Plans to develop a North Sinai village whose main mosque was targeted by an "Islamic State of Iraq and Syria" (ISIS) attack two years ago are well under way and will be completed by December, according to Egyptian officials.
Up to 30 militants in camouflage flying the ISIS group's black banner on November 24th, 2017, surrounded the Rawda village mosque in Bir al-Abed, roughly 40 kilometres west of the provincial capital of al-Arish, and massacred the worshippers during weekly Friday prayers.
The gun and bomb assault killed 305 people including 27 children, and wounded 128.

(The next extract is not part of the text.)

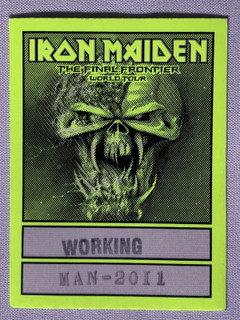 Iron Maiden Pass Ticket Original The Final Frontier Tour Manchester 2011 front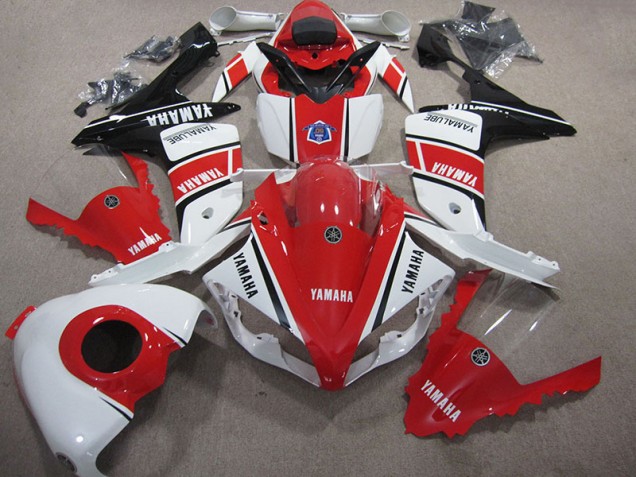 2007-2008 Red White Yamaha YZF R1 Motorcycle Fairings Canada 2007-2008 Red White Yamaha YZF R1 Motorcycle Fairings Canada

The development of the Rawda village includes the construction and rehabilitation of 767 houses in co-operation between the North Sinai Reconstruction Agency and several civil society organisations, North Sinai Governor Mohammed Abdul Fadheel Shosha said Sunday (October 20th).
"So far, 538 houses have been fully rehabilitated and handed over to their owners, and work is underway on the remaining houses," he said.
The village’s water network has been completed, and 75% of work on a 1,000-cubic-metre land tank project has been finished, he said.
"A two-floor, 400-square-metre service building for residents is also 75% finished," said Shosha.
"We are also constructing a five-acre salt factory, along with an animal production project on an area of 20,000 square metres," he said.
A fish farm with a 10-tonne capacity has been established in the vicinity of the village at a cost of 380,000 Egyptian pounds ($23,000), he said, adding that 20 young men from the village have been hired to work there.
Confronting terrorism through construction
Following the deadly ISIS attack in 2017, the government vowed to rehabilitate Rawda village's infrastructure and facilities, and to establish small-sized projects to create jobs for residents.
"The government has rebuilt the village following the terrorist attack," MP Nader Mustafa told Al-Mashareq.
"The rebuilding of Rawda in less than two years is an example of how we are confronting destructive terrorism with development and construction," he said.
Terrorism will be defeated through "unity and national reconciliation, and the renunciation of extremist ideology which extremist groups use to fuel violence", said Mustafa.